The big data comprises structured, unstructured and semi-structured data from heterogeneous data sources for enabling data analysis on a single view.

The entity store is a collection of entities extracted from the big data. The entity store stores specific information that enables in distinguishing with one or more entities to retrieve one or more documents containing relevant entities corresponding to the pattern query. The entity hierarchy represents a hierarchical structure of entities resolved using Natural Language Processing (NLP) techniques with the support of the language/domain models.

The relationship store is adapted to store information related to each relationship instance for distinguishing with one or more relationship instances. The Relationship Hierarchy represents a hierarchical arrangement of relationships by resolving the relationships through at least one of a word-sense disambiguation technique and context resolution technique in conjunction with the language/domain model.

The Pattern Query Processing Module (PQPM) processes the pattern query by expanding the pattern query in terms of entities alter consulting with the entity store and the hierarchy of the entity. The pattern query is a list comprising entities and relationships of the entities.

The Pattern Query Processing Module (PQPM) performs a context resolution of the pattern query to provide a relevant result by disambiguation of the entities in the pattern query. The disambiguation of the entities in the pattern query is conducted by considering synonyms and implied entities obtained during expansion of pattern query where similar entities are included and dissimilar entities are excluded.

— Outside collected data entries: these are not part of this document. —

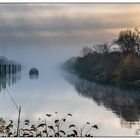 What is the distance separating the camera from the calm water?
24.0 feet

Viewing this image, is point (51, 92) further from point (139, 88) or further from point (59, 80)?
point (139, 88)

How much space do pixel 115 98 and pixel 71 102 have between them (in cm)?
33

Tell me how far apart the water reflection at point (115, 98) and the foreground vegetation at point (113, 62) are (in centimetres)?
5

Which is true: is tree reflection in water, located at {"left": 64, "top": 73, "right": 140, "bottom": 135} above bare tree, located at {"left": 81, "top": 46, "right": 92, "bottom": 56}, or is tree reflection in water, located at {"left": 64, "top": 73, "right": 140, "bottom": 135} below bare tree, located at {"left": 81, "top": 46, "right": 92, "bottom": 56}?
below

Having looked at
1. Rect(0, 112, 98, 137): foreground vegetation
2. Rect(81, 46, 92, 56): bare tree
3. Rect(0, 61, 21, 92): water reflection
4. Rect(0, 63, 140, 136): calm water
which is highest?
Rect(81, 46, 92, 56): bare tree

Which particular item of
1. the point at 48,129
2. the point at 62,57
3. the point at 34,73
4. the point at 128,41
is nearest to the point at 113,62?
the point at 128,41

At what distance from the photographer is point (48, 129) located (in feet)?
24.1

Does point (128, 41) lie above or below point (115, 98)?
above

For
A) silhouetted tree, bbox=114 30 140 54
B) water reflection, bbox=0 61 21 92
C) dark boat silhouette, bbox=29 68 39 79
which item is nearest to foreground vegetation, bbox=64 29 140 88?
silhouetted tree, bbox=114 30 140 54

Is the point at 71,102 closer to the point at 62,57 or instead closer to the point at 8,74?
the point at 62,57

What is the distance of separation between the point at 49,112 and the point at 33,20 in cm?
70

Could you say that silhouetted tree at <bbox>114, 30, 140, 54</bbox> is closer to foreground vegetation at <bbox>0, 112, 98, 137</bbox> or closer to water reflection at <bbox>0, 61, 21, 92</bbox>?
foreground vegetation at <bbox>0, 112, 98, 137</bbox>

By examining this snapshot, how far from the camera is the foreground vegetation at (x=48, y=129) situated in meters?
7.31

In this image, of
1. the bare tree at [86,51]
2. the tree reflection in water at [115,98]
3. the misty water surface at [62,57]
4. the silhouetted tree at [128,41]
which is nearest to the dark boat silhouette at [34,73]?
the misty water surface at [62,57] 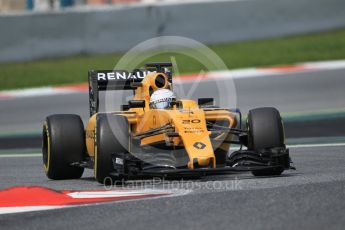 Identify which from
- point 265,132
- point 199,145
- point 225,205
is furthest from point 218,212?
point 265,132

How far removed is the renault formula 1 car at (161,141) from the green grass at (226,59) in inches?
399

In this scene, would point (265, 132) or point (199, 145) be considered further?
point (265, 132)

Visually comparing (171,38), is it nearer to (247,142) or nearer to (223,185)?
(247,142)

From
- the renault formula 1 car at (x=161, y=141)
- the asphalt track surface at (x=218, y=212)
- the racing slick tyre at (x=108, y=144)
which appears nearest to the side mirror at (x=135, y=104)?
the renault formula 1 car at (x=161, y=141)

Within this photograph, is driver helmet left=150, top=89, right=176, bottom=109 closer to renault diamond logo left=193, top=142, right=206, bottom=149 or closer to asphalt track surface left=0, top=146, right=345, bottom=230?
renault diamond logo left=193, top=142, right=206, bottom=149

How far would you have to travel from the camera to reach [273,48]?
2384 centimetres

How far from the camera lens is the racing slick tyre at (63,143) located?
1193 cm

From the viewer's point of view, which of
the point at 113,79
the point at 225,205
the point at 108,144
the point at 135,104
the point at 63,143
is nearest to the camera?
the point at 225,205

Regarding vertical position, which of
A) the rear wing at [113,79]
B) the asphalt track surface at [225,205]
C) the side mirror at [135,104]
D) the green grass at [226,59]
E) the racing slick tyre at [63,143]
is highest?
the green grass at [226,59]

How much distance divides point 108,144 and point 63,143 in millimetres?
1428

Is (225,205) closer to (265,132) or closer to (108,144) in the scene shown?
(108,144)

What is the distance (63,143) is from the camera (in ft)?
39.2

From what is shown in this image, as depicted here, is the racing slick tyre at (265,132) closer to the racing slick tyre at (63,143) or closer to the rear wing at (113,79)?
the rear wing at (113,79)

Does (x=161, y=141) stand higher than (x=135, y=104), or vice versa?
(x=135, y=104) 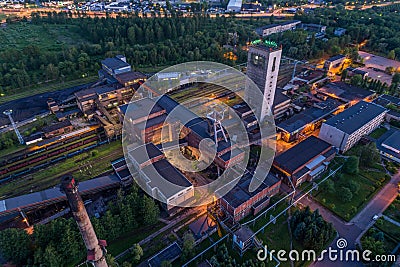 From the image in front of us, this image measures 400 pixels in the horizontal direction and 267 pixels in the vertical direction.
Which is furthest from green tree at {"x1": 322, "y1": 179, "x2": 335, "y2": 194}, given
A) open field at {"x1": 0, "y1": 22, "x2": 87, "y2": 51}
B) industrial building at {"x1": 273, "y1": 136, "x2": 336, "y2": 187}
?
Answer: open field at {"x1": 0, "y1": 22, "x2": 87, "y2": 51}

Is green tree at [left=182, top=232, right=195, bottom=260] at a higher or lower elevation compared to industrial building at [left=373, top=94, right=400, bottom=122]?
lower

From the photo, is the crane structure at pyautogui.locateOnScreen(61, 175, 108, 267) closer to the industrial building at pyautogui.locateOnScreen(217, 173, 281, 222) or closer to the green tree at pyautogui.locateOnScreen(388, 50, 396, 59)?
the industrial building at pyautogui.locateOnScreen(217, 173, 281, 222)

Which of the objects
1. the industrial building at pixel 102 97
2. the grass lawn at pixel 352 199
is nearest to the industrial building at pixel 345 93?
the grass lawn at pixel 352 199

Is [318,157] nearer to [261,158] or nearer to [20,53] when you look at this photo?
[261,158]

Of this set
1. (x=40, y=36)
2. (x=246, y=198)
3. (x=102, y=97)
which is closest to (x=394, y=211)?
(x=246, y=198)

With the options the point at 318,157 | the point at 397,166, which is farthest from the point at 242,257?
the point at 397,166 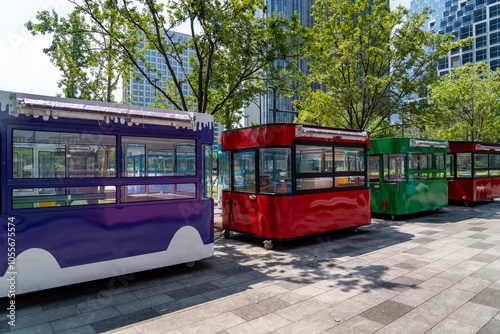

The Pattern Generation Module (PGM) comprises a document retriever to collect documents pertaining to the entities and relationships contained in the pattern query. A Relationship Sequence Generator to create a relationship sequence with respect to each of the retrieved documents. A Frequent Pattern Growth Module (FPGM) for extracting relevant relationship sequences.

The Relationship Sequence Generator builds the relationship sequences by treating each relationship as an item. Each relationship sequence comprises the relationships in the order of appearance in the document.

The Frequent Pattern Growth Module (FPGM) adapts a Frequent Pattern Growth (FPG) algorithm for extracting relevant relationship sequences which considers the relationship sequences as item-sets and extracts the most frequent item-sets.

The method for mining frequent patterns from a plurality of relationship sequences extracted from a big data. The method comprising, extracting a plurality of entities from the big data. An entity refers to concepts comprising language unit having an independent meaning. The plurality of entities extracted from the big data is stored in an entity store and the extracted entities are arranged in a hierarchical manner. Similarly one or more relationships among the plurality of entities are extracted and stored and a relationship hierarchy is created by arranging the relationships in a hierarchical manner. Further a pattern query is inputted to a pattern query recognition module which processes the pattern query to find patterns in relationships and entities, retrieve relevant data sources from data using the entity hierarchy and the relationship hierarchy based on the pattern query, build relationship sequences with respect to one or more retrieved data sources, extract frequent patterns from the relationship sequences and display the frequent patterns on a frequent pattern display module. The pattern query is a list of entities and the relationship of entities. Here generating frequent patterns among the relationship sequences is performed using a Frequent Pattern Growth Algorithm which considers the relationship sequences as item-sets and extracts the most frequent item-sets.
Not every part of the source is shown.